Like Abraham and Sarah, we may have been given a son or a daughter or several of one of both. As a Christian saint, I am asked to give my descendants back to the Reality that gave them to me. If I am clinging to my children as a means of enhancing my own status or pleasure or pride or even shame, I am destroying my children as well as my role as a responsible father, or mother. Indeed, when my children have become adults, Reality has already taken them back, whether I want to give them up or not. And that is the “natural” course for all our gifts—to be given back.

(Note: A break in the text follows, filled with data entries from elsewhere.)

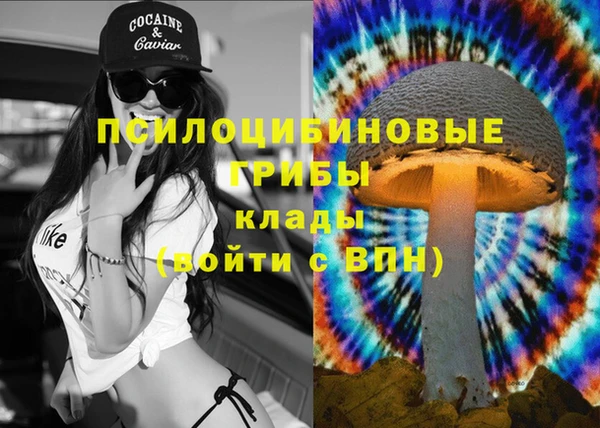 прущие грибы Алексеевка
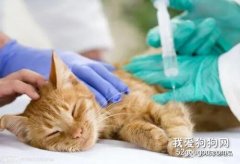 人类感冒药能用来医治猫咪吗?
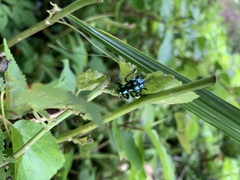 Pachyrhynchus tobafolius
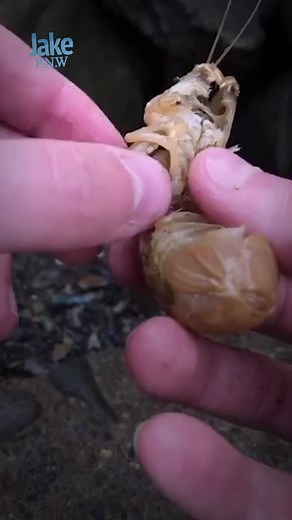 3 dudes, 1 chick | Jacob Colvin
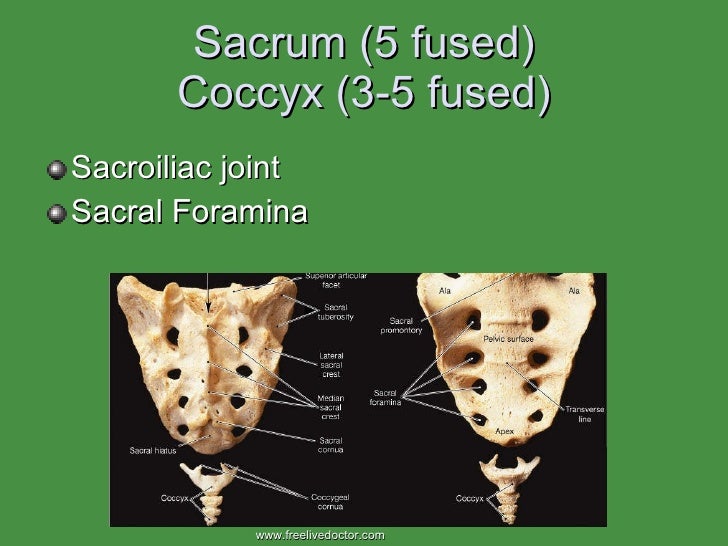 Appendicular&Axial Skeleton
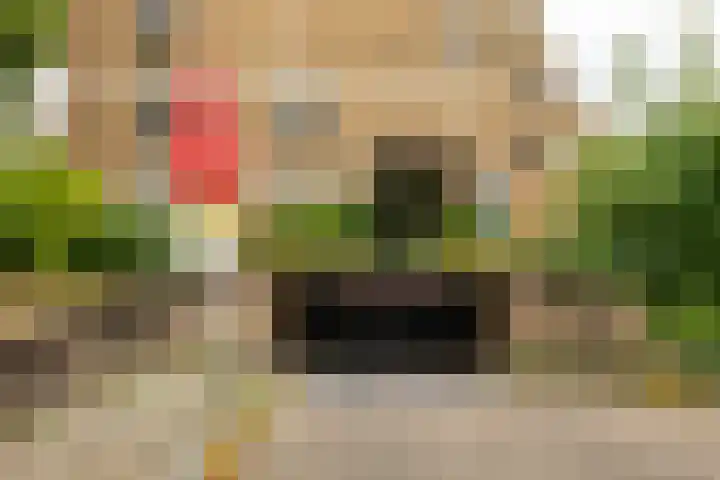 Fongersplaats 41 Groningen thumbnail 32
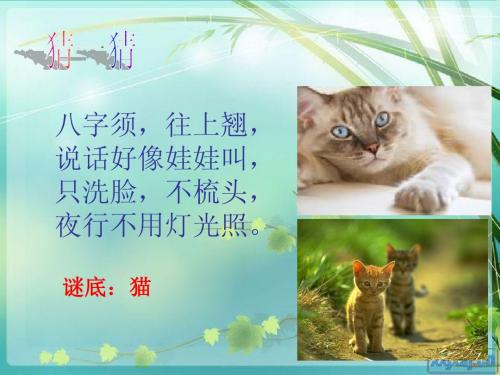 《猫》   郑振铎ppt课件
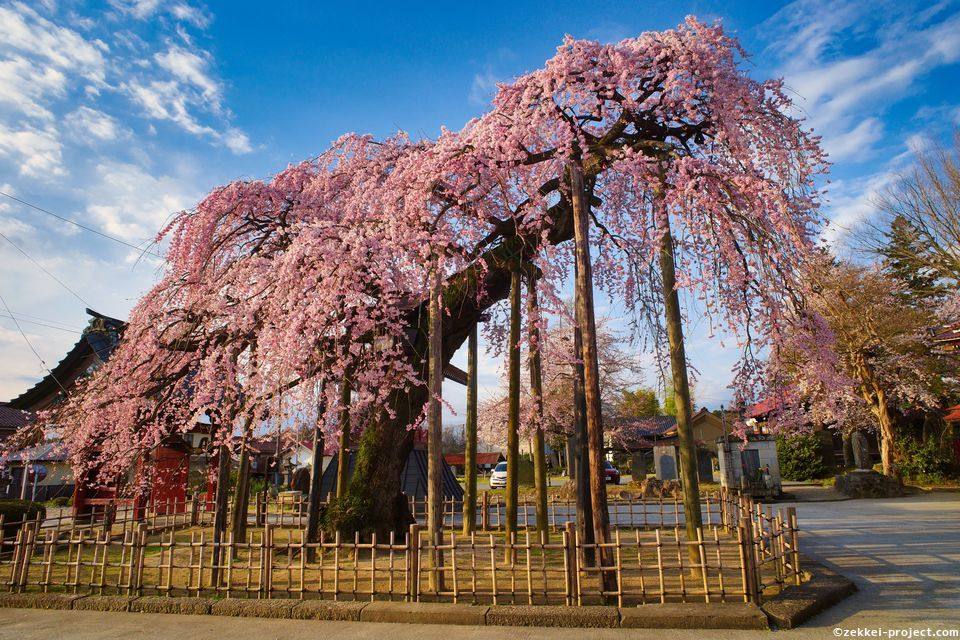 円東寺 の絶景情報と写真 死ぬまでに行きたい 世界の絶景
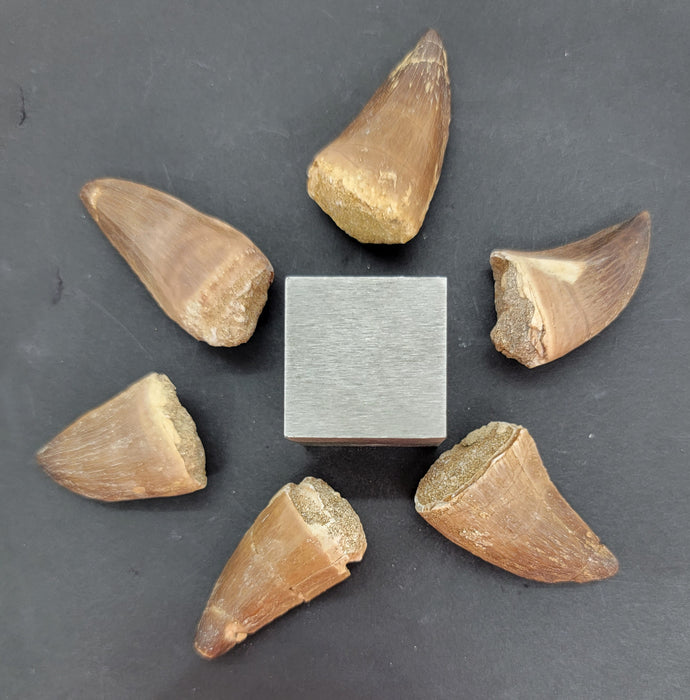 Mosasaur Teeth (loose) | Morocco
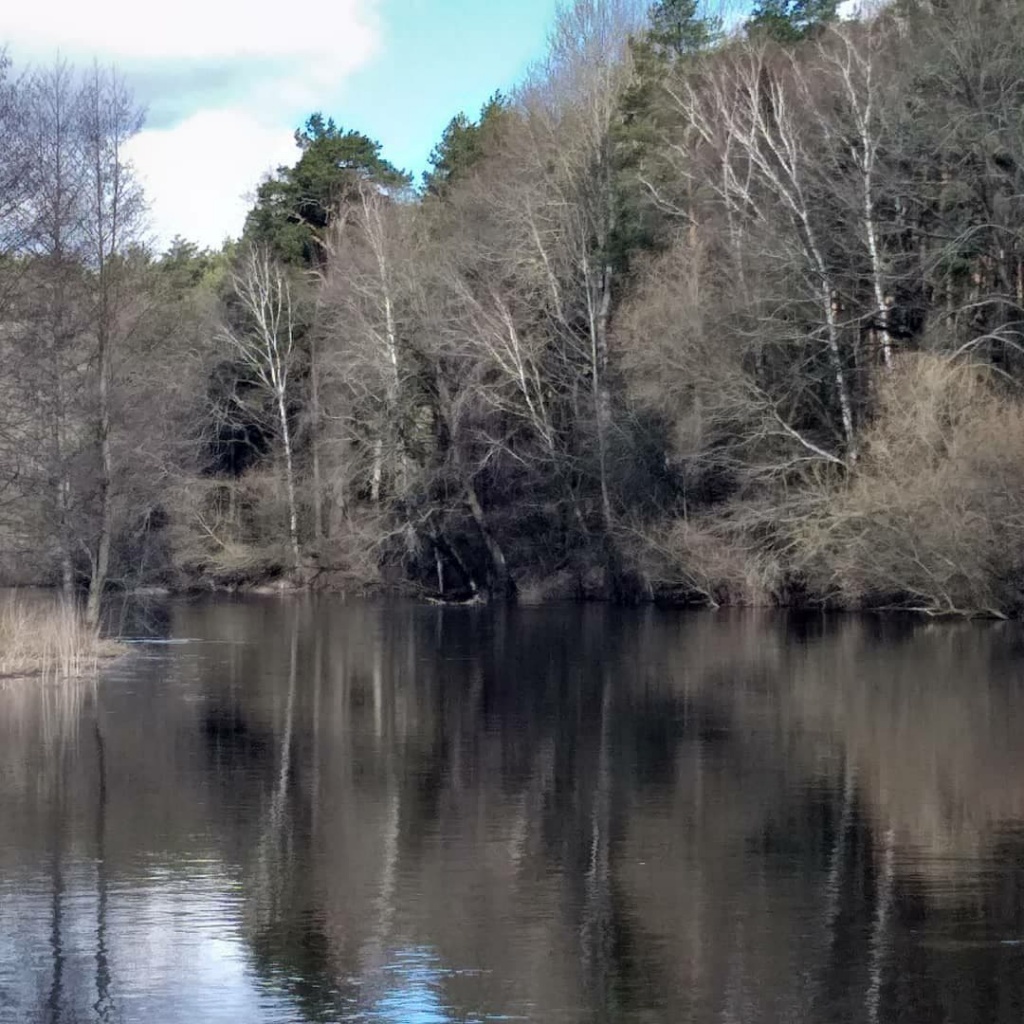 Ловля судака ранней весной в реке (2).jpg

If I am clinging to my vocation simply as a means of holding on to some status or maintaining my survival, I do not yet have a saintly vocation in the Abrahamic sense. To have a saintly vocation, I must pursue my vocation as an expending (i.e. a giving) of my time and energy to values other than my own needs. This giving may include some attention to my own needs. As Jesus taught his disciples, “Serve the Reign of Reality with all your gifts, and you, the servant, will also be cared for as well.“ (I have paraphrased, but only slightly.) When Jesus sent out his disciples to take the Good News to Galilean villages, he instructed them, “Take only minimum stuff, eat what they offer you, sleep where they put you. Don’t shop around for a better bed. Just give and receive the gifts given to you to keep you going with your ongoing giving.” (Again, I paraphrase.)
Luke saw clearly that Mark and Matthew before him had drawn a picture of Jesus that was to be a model for Christian sainthood. So Luke surely had in mind sharing Jesus as his model of Christian sainthood when he pictured Jesus saying these last words on the cross, “Into Thy hands I commend my spirit.” We can receive this verse as a meaning for our own death and dying: “Into the power of the Giver of my life, I give back my consciousness.” In other words, I can let Reality have my consciousness, however profound or limited that consciousness may be. In so viewing my death, I give over my entire life to the Reality that gave me all that was given to me. Reality, without me, will carry on my giving, my bending of history.
Another famous saying also applies to this perspective, “To whom much is given, much shall be required.” This lesson is the opposite of the all too familiar monopoly-game sense of things, “To whom much is given, even more shall be taken from the losers who are too poor to compete with me.” Contrary to such narcissism, “Response—-ability to God” means day-by-day, year-by-year, giving back our gifts to the Giver of those gifts. We give to the Giver by way of giving our gifts to our neighboring realities, those humans and other beings whom God also loves. This is the Abrahamic faith.